Work order: Every line from the one with "Person geht langsam" through the last line below should be repeated exactly; pictures stay out of the copy.

** Supplied data follows **

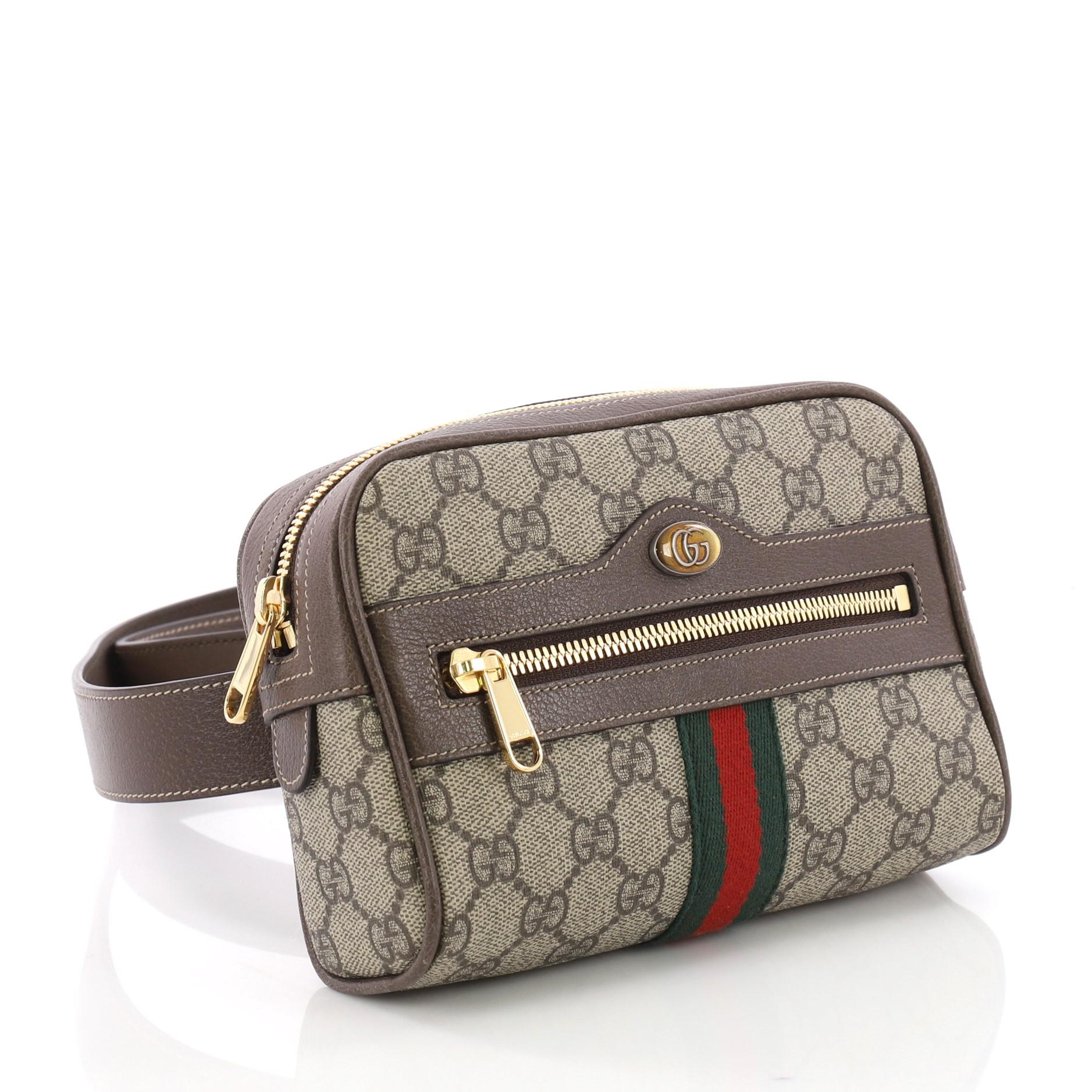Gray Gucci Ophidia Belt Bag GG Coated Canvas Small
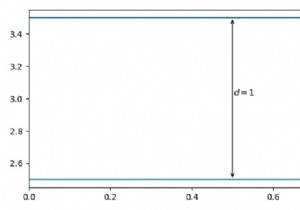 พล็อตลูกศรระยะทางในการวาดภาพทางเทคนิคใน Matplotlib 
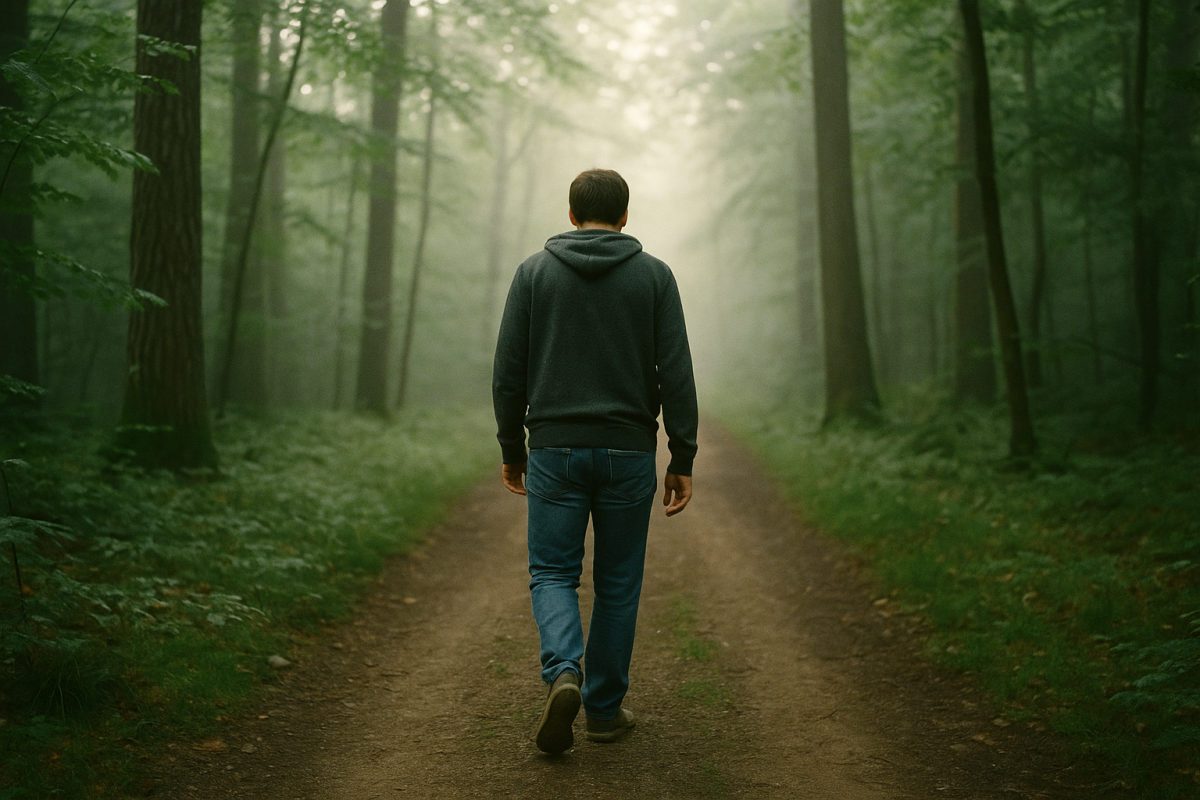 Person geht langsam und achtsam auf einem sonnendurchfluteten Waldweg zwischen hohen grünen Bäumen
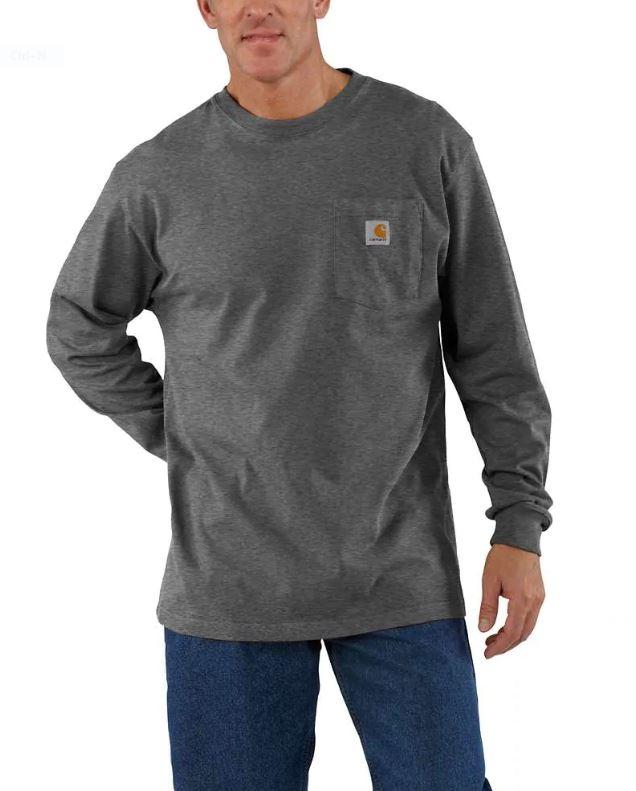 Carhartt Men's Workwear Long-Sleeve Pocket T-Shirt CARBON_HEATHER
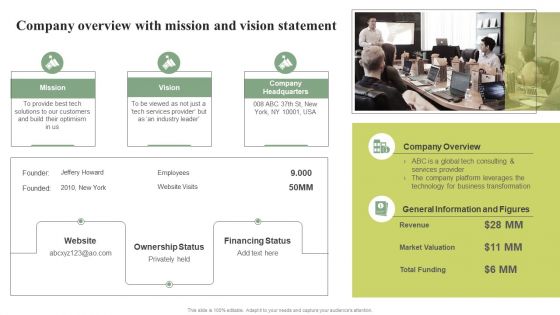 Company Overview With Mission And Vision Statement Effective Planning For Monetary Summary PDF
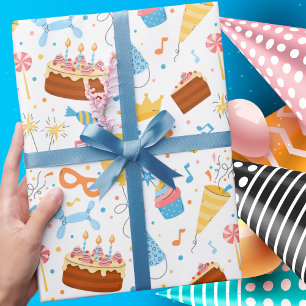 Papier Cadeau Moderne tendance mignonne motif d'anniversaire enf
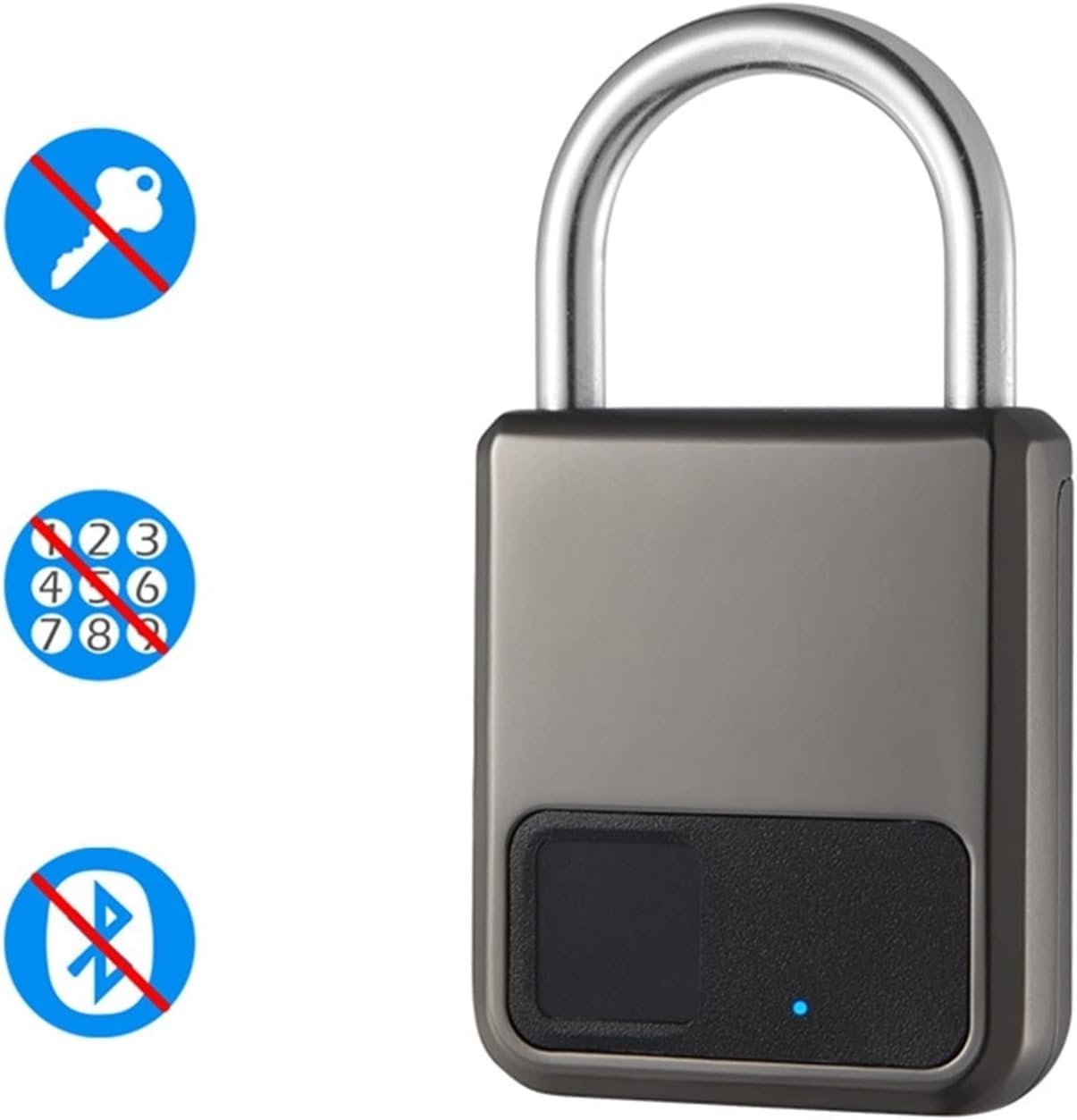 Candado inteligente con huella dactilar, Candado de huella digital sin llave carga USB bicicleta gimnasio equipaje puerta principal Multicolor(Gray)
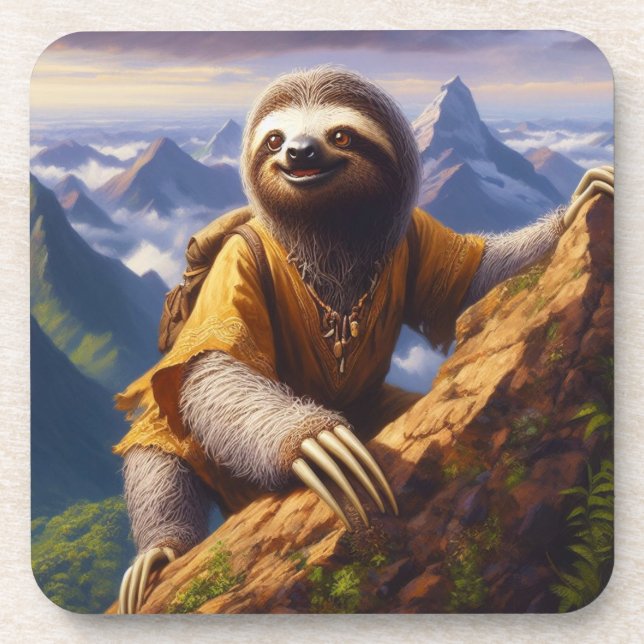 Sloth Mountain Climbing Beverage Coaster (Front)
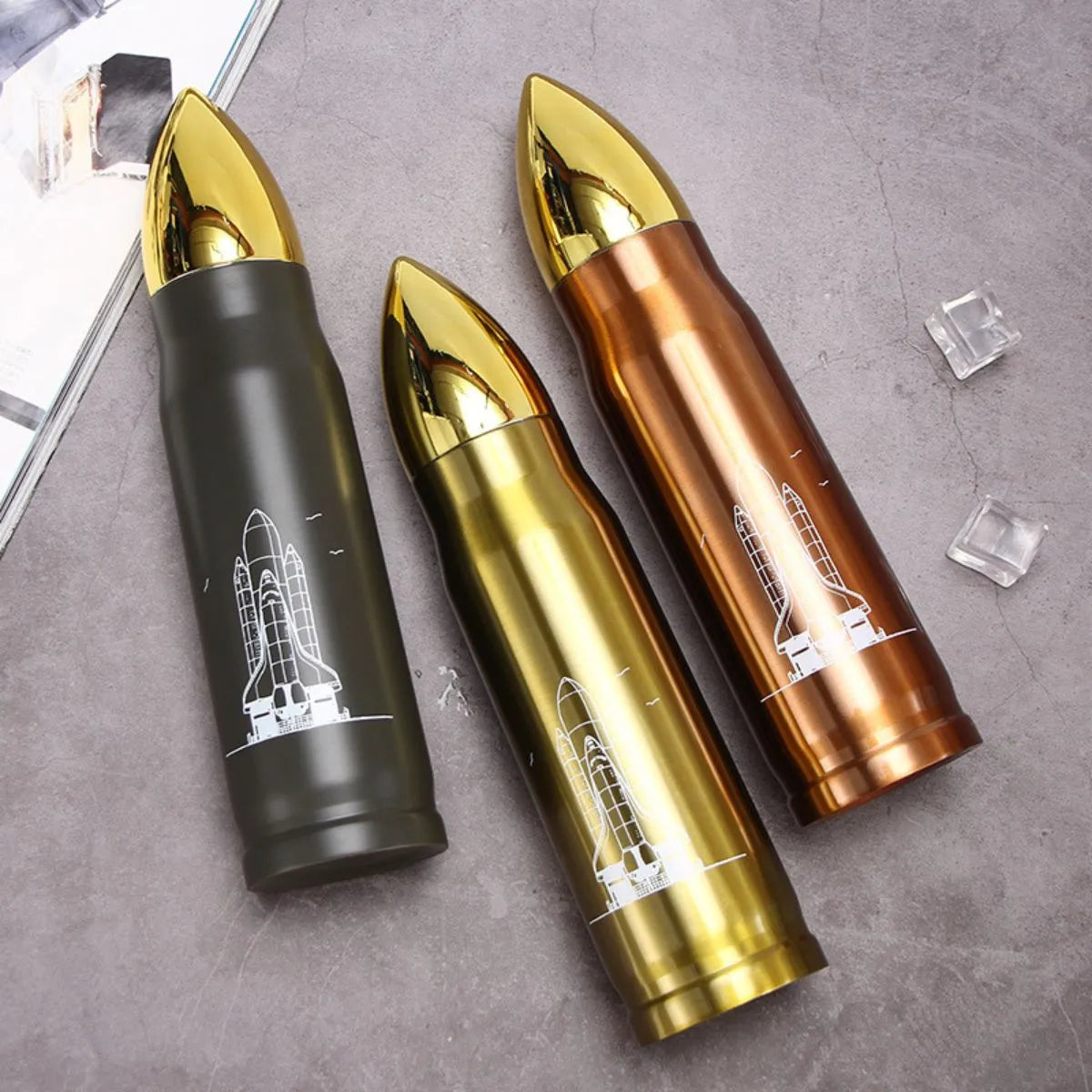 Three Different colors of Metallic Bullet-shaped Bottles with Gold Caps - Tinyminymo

** End of Supplied data **

Answer for this exercise:
 Person geht langsam und achtsam auf einem sonnendurchfluteten Waldweg zwischen hohen grünen Bäumen
 Carhartt Men's Workwear Long-Sleeve Pocket T-Shirt CARBON_HEATHER
 Company Overview With Mission And Vision Statement Effective Planning For Monetary Summary PDF
 Papier Cadeau Moderne tendance mignonne motif d'anniversaire enf
 Candado inteligente con huella dactilar, Candado de huella digital sin llave carga USB bicicleta gimnasio equipaje puerta principal Multicolor(Gray)
 Sloth Mountain Climbing Beverage Coaster (Front)
 Three Different colors of Metallic Bullet-shaped Bottles with Gold Caps - Tinyminymo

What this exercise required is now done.